The last two authors are award-winning Black Nova Scotians. Indeed, Clarke
was the 2002 recipient of Canada’s most prestigious literary prize, the Governor
General’s Award.
Conclusion
The hardworking and humble educators and parents, selfless volunteer
contributors of their time and energies, who made these recommendations
honestly and honorably, had to contend with the stigma of being called ‘benign
censors’ as they were shamelessly branded. Their well-reasoned and reasonable
opposition, based on a clear and sound understanding of history and education,
was caricatured and demeaned. The dominant media, within and without Nova
Scotia, affirmed that the degrading portrayal of an entire people, the continual
depiction of servitude and the negation of historical agency are the hallmarks of
classic literature. What prevailed were the outdated ideas of the nineteenth
century, affinity and devotion to paternalistic conceptions of society; a reflection
of the imbalance of power and marginalization embedded in the status quo.
In short, the media’s response amounted to a defense of ‘freedom’ for racist
literature. The issue cannot be reduced to a matter of technical arguments and
justifications or the advocating of a parallel ‘anti-racist’ curriculum. The racists
today masquerade as ‘anti-racists’, the opponents of ‘hate literature’. The media’s
editorializing against all ‘censorship’ and ‘banning’ includes vigorous hostility to
the censorship and banning of racism. Its advocacy of freedom of speech
includes freedom of speech for racists and fascists.

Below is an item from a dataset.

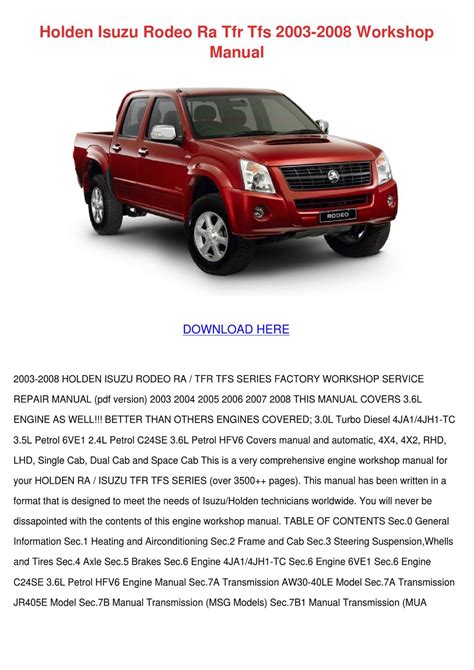 Holden isuzu rodeo ra tfr tfs 2003 2008 service repair manual. - Craftsman 29cc 4 cycle gas trimmer manual.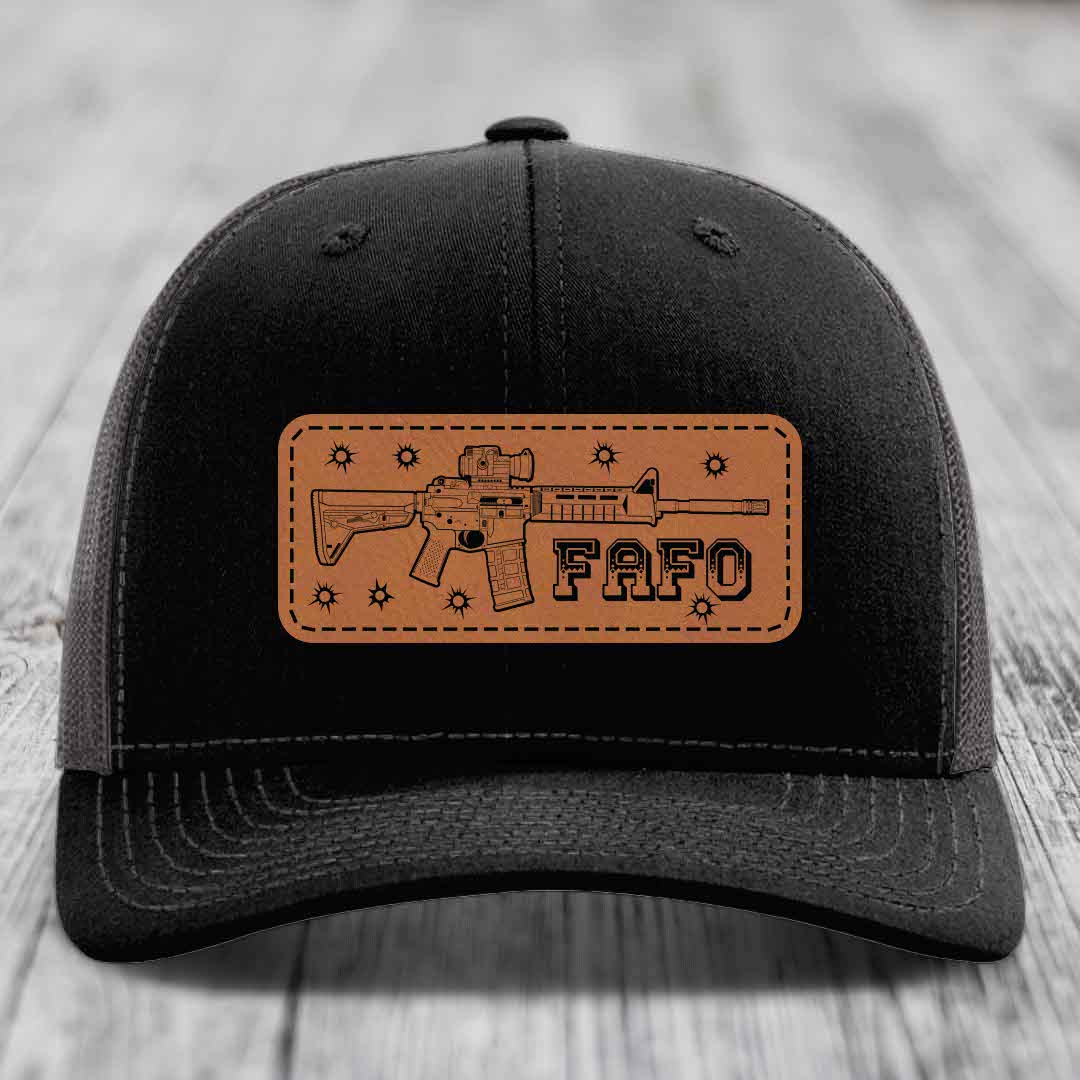 Ar15 Fafo - Leather Patch Hat - Rawhide to Black Patch - Richardson 112 Snapback Trucker Hat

There cannot be the slightest
mystery about how racism works, particularly its intertwining with the state.
Neither fully curable nor manageable in the present social order, racism cannot
be tackled at leisure; it must be combated in all its forms, without pause.
However, in this struggle educators and writers must not forget that they are not
dealing with an honorable media; that dirty and ruthless political warfare is being
waged over the question of racism on the front of literature and ideology.